#### [What the exercise asks]
Repeat every line of the data exactly; no picture belongs in the copy.
━━━━━ Data provided
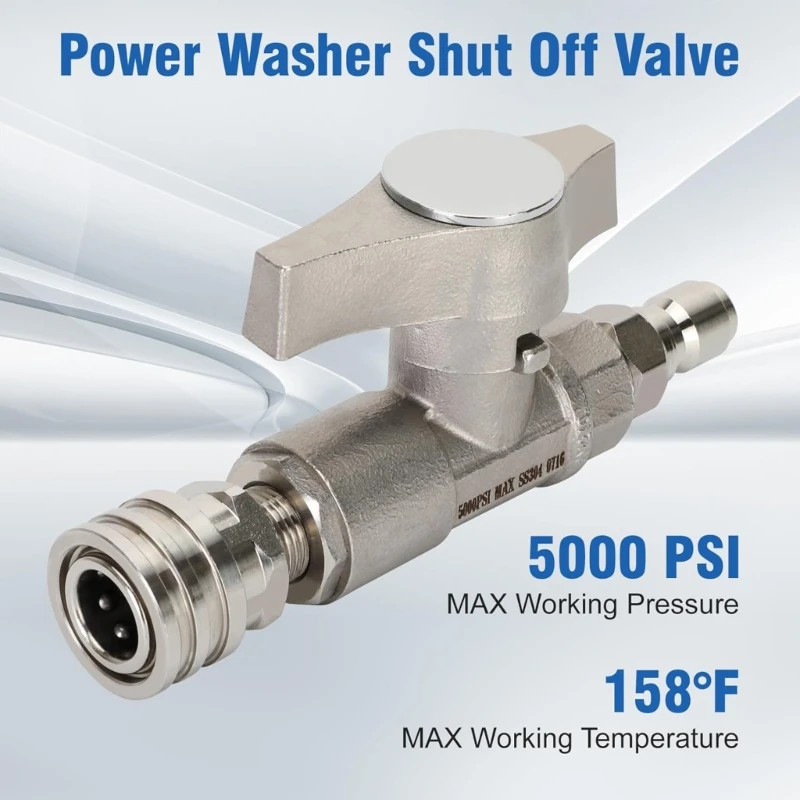 Тяжелые стальные шариковые клапаны Detys.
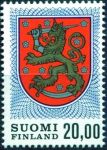 (1978) MiNr. 823 ** - Finsko - Wappenlöwe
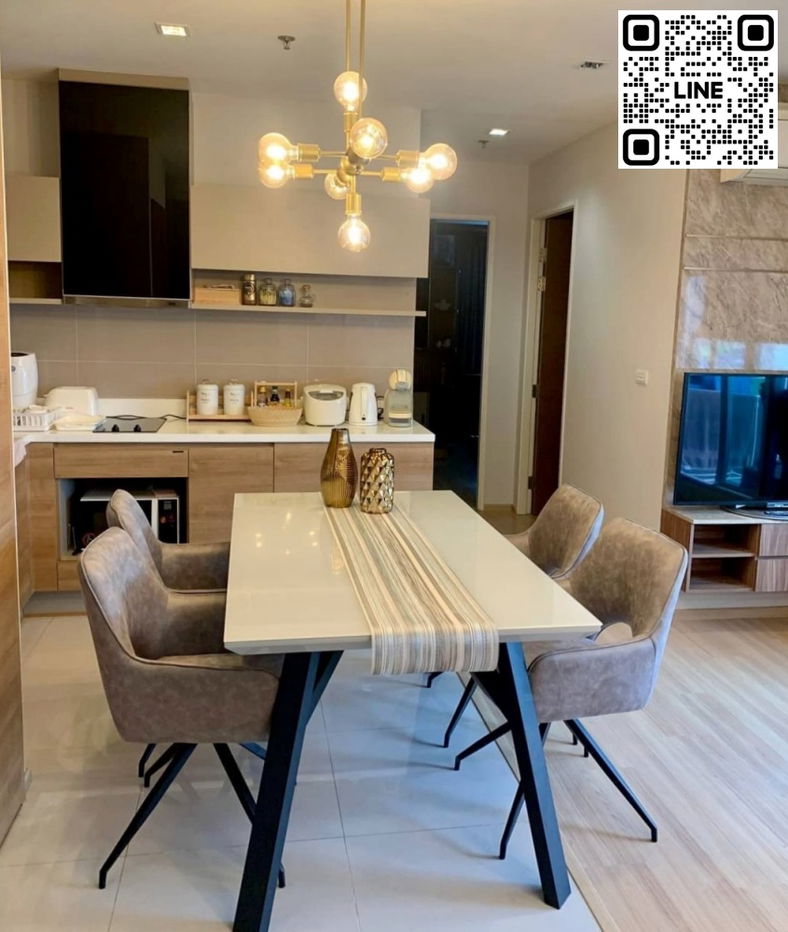 picture 📲Line ID @556ryccg 🚄2Bedroom 66 sqm Floor22 Rhythm Phahol-Ari, Phaholyothin road near BTS Saphan Khwai & BTS Ari - 2/11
━━━━━━━━━━
#### [Expected answer]
 Тяжелые стальные шариковые клапаны Detys.
 (1978) MiNr. 823 ** - Finsko - Wappenlöwe
 picture 📲Line ID @556ryccg 🚄2Bedroom 66 sqm Floor22 Rhythm Phahol-Ari, Phaholyothin road near BTS Saphan Khwai & BTS Ari - 2/11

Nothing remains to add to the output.